Machine Learning Infrastructure [Research]
I just started a new position at a small AI startup as a systems engineer. Historically, my roles have been in more traditional IT roles on the support side in Windows environments.
We have several data science and machine learning teams for different products and projects. They all seem to use different technologies at the moment. We also have a lot of bare metal hardware laying around that is not inventoried or monitored and seems to be under-utilized in some places while other hardware has a long waitlist.
I had a meeting with the managers and leads of each team to figure out what they were doing, using, etc. All of them have decided to transition to Airflow and Dask. Some teams require heavy CPU and storage while others require heavy GPU for their jobs.
This is my first venture into machine learning so I’m trying to educate myself. We have been discussing gathering up unused hardware and building one or more clusters to provide organized, consistent, and scheduled resources to the teams for their workflows. I am thinking something like containers as a service where they can pick their CPU/GPU requirements and generate instances for processing on-demand, without having to go through Ops. Ops just maintains the infrastructure to make sure there is enough available to the teams.

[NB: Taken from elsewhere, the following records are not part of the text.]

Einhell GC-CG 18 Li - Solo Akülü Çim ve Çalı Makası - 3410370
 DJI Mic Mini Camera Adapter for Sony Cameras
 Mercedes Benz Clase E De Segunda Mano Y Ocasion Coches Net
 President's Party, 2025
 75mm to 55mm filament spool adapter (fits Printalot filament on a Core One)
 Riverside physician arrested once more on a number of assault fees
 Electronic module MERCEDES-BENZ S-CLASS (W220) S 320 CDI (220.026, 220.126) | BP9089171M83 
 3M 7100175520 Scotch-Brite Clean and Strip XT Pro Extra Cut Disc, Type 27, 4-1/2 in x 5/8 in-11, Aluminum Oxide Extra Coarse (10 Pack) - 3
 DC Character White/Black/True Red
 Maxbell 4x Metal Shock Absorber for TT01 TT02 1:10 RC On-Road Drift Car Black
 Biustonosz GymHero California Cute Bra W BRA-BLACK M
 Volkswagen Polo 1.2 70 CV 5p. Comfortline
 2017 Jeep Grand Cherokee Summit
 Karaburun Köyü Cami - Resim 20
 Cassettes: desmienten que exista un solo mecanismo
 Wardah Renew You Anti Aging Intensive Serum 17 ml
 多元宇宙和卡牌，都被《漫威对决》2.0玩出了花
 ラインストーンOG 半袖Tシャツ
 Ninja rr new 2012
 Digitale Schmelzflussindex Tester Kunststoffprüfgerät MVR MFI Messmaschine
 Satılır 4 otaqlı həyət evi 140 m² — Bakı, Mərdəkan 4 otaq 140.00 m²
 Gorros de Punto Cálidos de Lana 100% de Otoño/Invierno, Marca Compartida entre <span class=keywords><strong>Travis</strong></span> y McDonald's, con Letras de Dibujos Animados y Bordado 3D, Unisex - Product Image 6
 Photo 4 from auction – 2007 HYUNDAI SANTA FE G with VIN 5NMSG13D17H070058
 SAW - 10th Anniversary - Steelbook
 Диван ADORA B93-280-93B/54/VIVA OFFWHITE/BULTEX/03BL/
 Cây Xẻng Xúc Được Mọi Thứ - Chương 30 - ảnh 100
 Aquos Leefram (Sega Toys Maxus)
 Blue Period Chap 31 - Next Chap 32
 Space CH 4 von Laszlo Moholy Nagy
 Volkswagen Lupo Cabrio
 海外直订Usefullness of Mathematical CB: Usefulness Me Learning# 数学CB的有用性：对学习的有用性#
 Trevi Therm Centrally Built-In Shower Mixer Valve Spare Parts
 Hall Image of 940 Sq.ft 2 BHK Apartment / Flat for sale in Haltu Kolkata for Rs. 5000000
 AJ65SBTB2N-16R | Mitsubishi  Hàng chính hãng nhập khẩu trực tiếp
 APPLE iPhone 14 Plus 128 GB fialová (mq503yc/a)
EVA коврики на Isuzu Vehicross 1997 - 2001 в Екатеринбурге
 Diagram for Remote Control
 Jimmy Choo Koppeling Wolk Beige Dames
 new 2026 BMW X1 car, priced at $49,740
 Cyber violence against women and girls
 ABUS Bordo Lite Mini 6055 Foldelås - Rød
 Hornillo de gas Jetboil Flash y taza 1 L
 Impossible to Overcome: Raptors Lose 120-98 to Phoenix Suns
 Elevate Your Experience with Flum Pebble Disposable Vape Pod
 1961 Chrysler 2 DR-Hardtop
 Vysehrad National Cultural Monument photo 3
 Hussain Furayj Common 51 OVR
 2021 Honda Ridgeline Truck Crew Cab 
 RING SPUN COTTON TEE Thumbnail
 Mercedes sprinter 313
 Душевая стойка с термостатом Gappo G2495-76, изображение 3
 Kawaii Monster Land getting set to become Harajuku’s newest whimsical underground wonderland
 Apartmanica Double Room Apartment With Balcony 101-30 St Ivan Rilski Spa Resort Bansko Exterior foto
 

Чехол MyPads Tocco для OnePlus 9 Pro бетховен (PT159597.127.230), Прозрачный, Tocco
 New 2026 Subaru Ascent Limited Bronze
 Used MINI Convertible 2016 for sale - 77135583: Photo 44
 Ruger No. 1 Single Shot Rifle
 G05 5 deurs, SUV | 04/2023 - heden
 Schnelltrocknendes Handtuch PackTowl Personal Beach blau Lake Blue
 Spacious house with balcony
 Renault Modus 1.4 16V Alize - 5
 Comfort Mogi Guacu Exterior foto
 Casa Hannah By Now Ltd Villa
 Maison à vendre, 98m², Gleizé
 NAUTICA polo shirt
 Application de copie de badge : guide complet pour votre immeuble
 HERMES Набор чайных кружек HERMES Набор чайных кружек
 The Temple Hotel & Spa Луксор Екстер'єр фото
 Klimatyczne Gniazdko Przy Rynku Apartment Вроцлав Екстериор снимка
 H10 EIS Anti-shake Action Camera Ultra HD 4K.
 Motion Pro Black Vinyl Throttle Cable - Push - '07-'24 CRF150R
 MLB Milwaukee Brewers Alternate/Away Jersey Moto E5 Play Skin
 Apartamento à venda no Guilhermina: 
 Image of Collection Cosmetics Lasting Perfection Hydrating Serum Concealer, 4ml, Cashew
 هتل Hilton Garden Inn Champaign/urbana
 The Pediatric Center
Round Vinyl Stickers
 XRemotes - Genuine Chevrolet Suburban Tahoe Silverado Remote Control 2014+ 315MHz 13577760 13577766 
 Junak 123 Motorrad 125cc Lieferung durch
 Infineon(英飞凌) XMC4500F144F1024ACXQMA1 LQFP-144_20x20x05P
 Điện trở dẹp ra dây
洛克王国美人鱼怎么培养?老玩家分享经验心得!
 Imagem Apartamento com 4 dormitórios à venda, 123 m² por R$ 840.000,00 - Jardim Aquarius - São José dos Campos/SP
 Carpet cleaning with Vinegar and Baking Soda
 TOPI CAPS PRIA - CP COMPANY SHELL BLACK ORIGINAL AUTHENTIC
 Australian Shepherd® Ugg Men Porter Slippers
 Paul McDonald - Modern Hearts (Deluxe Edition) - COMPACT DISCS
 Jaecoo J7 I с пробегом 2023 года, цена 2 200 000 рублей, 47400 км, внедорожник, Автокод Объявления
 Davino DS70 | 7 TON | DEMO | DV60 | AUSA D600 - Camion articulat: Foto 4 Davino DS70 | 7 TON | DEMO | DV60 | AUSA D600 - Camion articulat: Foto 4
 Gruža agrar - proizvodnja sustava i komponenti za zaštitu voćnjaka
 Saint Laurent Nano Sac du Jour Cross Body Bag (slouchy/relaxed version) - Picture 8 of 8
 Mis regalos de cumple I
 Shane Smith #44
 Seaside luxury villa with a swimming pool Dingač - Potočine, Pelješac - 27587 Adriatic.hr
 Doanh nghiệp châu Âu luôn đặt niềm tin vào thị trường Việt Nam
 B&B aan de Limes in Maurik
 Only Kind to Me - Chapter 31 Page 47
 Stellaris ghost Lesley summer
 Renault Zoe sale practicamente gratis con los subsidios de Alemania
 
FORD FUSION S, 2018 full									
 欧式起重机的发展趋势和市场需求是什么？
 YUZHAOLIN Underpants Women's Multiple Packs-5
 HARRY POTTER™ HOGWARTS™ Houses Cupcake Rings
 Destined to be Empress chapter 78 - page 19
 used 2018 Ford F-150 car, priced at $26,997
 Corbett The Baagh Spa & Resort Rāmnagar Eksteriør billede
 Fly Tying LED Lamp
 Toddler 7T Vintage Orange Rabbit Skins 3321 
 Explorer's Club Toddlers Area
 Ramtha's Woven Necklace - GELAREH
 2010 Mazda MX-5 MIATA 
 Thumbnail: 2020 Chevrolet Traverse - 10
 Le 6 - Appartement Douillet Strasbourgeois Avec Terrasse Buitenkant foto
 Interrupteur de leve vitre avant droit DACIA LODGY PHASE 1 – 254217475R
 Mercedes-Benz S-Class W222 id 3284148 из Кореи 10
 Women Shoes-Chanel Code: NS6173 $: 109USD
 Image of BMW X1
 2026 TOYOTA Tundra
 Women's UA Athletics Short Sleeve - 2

For those of you working in machine learning and data science, does this sound like a good solution? Are there products out there y’all use that function in this way? I’ve been reading about some of VMware’s vCloud solutions and found an article about containers/Kubernetes as a service that also allowed for traditional VMs to reside in the cluster but now I can’t find it.
I would appreciate any info, suggestions, articles, or products that may help me empower our teams. I would love to really provide some solid infrastructure that is productive and easy for them to use.